▶ Data shown:
==========

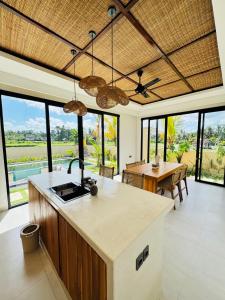 Queennera Villa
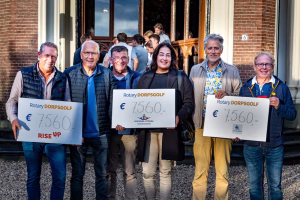 Lees meer over het artikel Dorpsgolf schenkt ook Bronveld weer een forstelijke gift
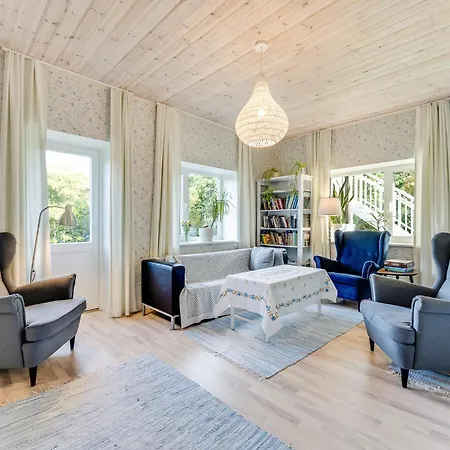 5br Elegant Family With Huge Garden&free Parking Villa Tallinn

==========

▶ Task objective: A word-for-word copy of the listing is needed, with no pictures in it.

▶ The answer:
 Queennera Villa
 Lees meer over het artikel Dorpsgolf schenkt ook Bronveld weer een forstelijke gift
 5br Elegant Family With Huge Garden&free Parking Villa Tallinn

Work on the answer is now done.